Yes, I've toyed with giving the Zhodani all of the bitek as thety already have the psionics, just to make them different/interesting
 
For Earth, the 100D limit is 1,275,610 km.

The LaGrange points are located at 321,392 km.

I would still make it very difficult.

Also, is the 100D limit a function of the gravity of the nearest mass or some kind of hyperspace mass shadow? If it's a mass shadow or some other hand-wavery, then the lagrange point will still be in the fuzzy area within 100D.
 
I THINK that is the right number for the Earth-Moon L1 point. The L4 and L5 points would be at the same distance (from Earth) as the Moon, about 400,000 km.
 
since the lagrange points are a known factor and a limited size
they can have mine fields and space forts gaurding them
they would make an exellent point to base x-boats out of

going into an unexplored/ unmapped system I would say no
 
Evilschemer said:
For Earth, the 100D limit is 1,275,610 km.

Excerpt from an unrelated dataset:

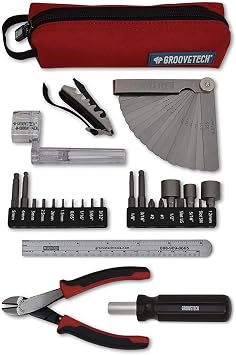 GROOVETECH STAGEHAND GUITAR/BASS TECH KIT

The LaGrange points are located at 321,392 km.

I would still make it very difficult.

Also, is the 100D limit a function of the gravity of the nearest mass or some kind of hyperspace mass shadow? If it's a mass shadow or some other hand-wavery, then the lagrange point will still be in the fuzzy area within 100D.

RAW posits a "volume" shadow kind-of handwavery; nowt to do with mass or gravity.
 
Evilschemer said:
lastbesthope said:
Evilschemer said:
For Earth, the 100D limit is 1,275,610 km.

The LaGrange points are located at 321,392 km.

I would still make it very difficult.

Is that the Earth-Moon L1 point you speak of?

LBH

Sorry, I meant the L1 point is located at...

No need to apologise, I used to work for the European Space Agency, did a bit of spaceflight mechanics at university. I used to be able to prove the L1 points existed via the Jacobi integral, but it's been a LONG time :lol:

LBH
 
collins355 said:
A lon time ago in a galaxy far away (actually TML in 1997), Marc posted this reply in a similar discussion...

Date: Wed, 8 Jan 1997 12:21:36 -0500 (EST)
From: CardSharks@aol.com
Subject: Re: No discrepancy.

[snip]

Marc Miller

Um, did this end up in the right thread and I'm being dim and don't see how it follows, or is it a mispost?